LA FERIA DEL MUNDO
56. Atar los huevos al diablo
En
aquellos remotos tiempos en que no existía el tuyo ni el mío, no había
necesidad de justicia ni de leyes porque bastaba la simple palabra de los
hombres y los campos daban sus frutos sin cultivarlos, pensábamos que el mundo
estaba bien hecho y por eso llamábamos de Oro a aquella dichosa Edad. Pero
pasado el tiempo y venidos a la Edad de Hierro que padecemos, sentimos el
desconsuelo y el desamparo del que lo ha perdido todo. Y es más, nosotros
mismos vemos cómo a plena luz del día cuadrillas de bandoleros asaltan y
expolian los organismos del estado, consejerías, ayuntamientos, instituciones
financieras y empresas que cotizan en bolsa; oímos decir que tal alcalde,
concejal o miembro de un consejo de administración trasiega la liquidez ajena a
la cuenta propia; notamos cómo familias respetabilísimas ocupan los cargos y
representaciones públicas con el fin de engordar lo suyo con el bien ajeno; nos
dicen que funcionarios y representantes públicos, ayudados de amigos y parientes,
organizan redes de cobro de extorsiones al tres o al veinte por ciento, que en
eso hay opiniones dispares; sabemos que mandamases de los partidos y
distinguidos cargos públicos frecuentan más Suiza o Andorra que sus propios
despachos y oficinas; y tenemos noticia de que muy honorables personajes y sus
esposas e hijos ponen a buen recaudo lo que no es suyo, no ya a espuertas, sino
en vulgares y cómodas bolsas de basura.
Y nosotros mismos hemos perdido buena parte
de nuestros sueldos, y de los servicios de salud, de educación y bienestar; y
nos han desaparecido de las cuentas nuestros ahorros preferentes; y se han
evaporado los fondos para la formación de los trabajadores y los destinado a la
reconversión de empresas, además de mermar considerablemente lo que iba
destinado a obras públicas.
Y lo que es peor: cada día comprobamos que
muchos de los que nos gobiernan han perdido el sentido del honor, de la
lealtad, del recto cumplimiento del deber y, en definitiva, la vergüenza, si es
que la tuvieron alguna vez. Además, sufrimos el abandono de la justicia ya que
las leyes resultan a medida de quienes las hacen, y con el propósito de no
cumplirlas, de manera que asistimos asombrados al espectáculo de juicios que
duran una decena de años y acaban como el parto de los montes, a la exhibición
de legiones de imputados que, lejos de irse a su casa o ser juzgados
sumariamente, se entretienen alardeando de su inocencia, quejándose ante sus
víctimas de persecución y acoso mediático o acusando a sus rivales de ser más
descarados, indignos o ladrones que ellos, o presumiendo de que lo suyo, aunque
impresentable, no es condenable por falta de pruebas o porque ha prescrito.
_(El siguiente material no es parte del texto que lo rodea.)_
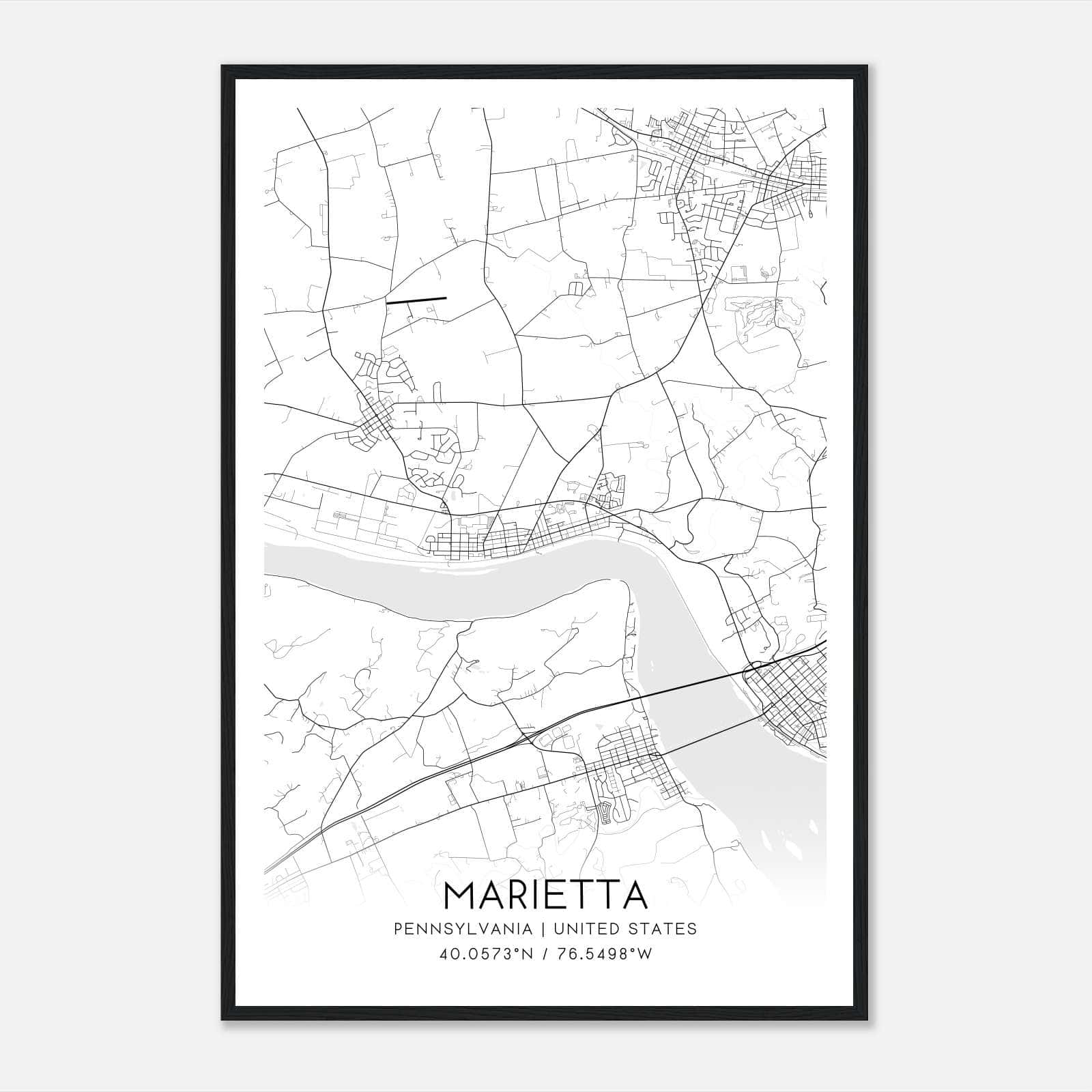 Marietta Pennsylvania Map Poster, Modern Home Decor Wall Art Print Marietta Pennsylvania Map Poster, Modern Home Decor Wall Art Print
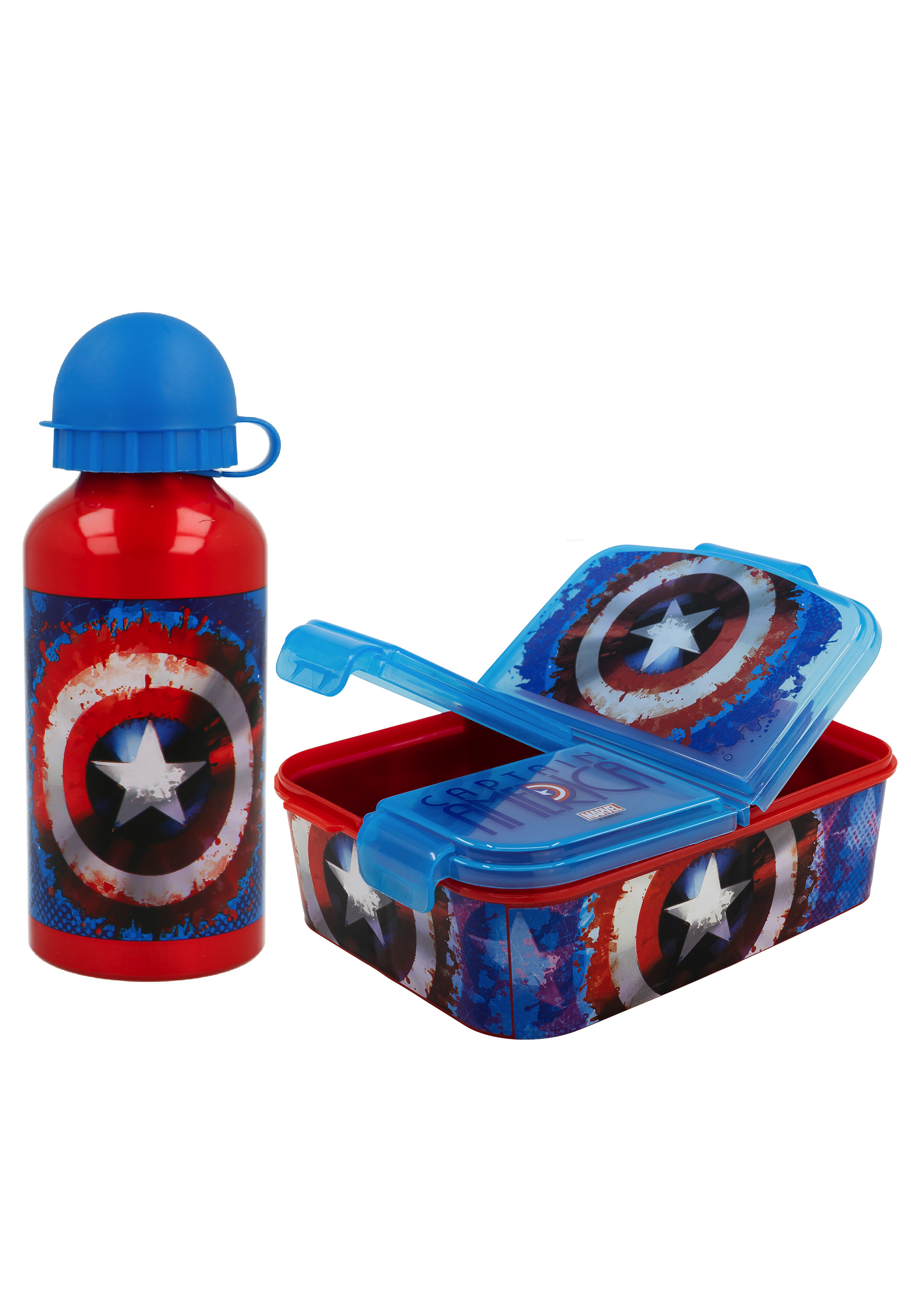 Avengers Captain America Kinder Lunch-Set Premium Brotdose + Aluminium Trinkflasche BPA FREI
Ante esta merma de los bienes públicos, el
extravío de la ejemplaridad de los que mandan y la ausencia de justicia, a lo que
se añade nuestra perdida de la confianza en los que se ocupan del gobierno y
sus monarquías, los ciudadanos debemos pensar que, a grandes males, grandes
remedios, aunque a algunos les parezcan caseros y ridículos. Recuerden cómo,
cuando se perdían las tijeras, las gafas de coser, una toalla o la pelotica del
zagal, la señora de la casa, la abuela y otros miembros de la familia recurrían
al arte mágica de un sencillo conjuro con el que confiaban ciegamente en
recuperar lo perdido: anudaban las cuatro puntas del pañuelo moquero, de una
servilleta o de un pañito mientras recitaban la fórmula dirigida al diablo –o
en su defecto a San Cucufato: ”Los huevos te ato, si lo perdido no aparece, no
te los desato”.
Hagan la prueba y verán cómo los dineros
públicos o privados expoliados por desaprensivos y chorizos serán devueltos a su
legítimo dueño sin dilación ni trámites, como los sospechosos o imputados
abandonarán avergonzados sus cargos o serán castigados, cómo las leyes se
redactarán con diligencia en beneficio de los ciudadanos, cómo los que nos
gobiernan recuperarán la vergüenza y la dignidad perdidas y cómo los ciudadanos
descreídos encontraremos la confianza perdida. Prueben el procedimiento y no
sean incrédulos, que todo tiene arreglo. Aunque no lo parezca.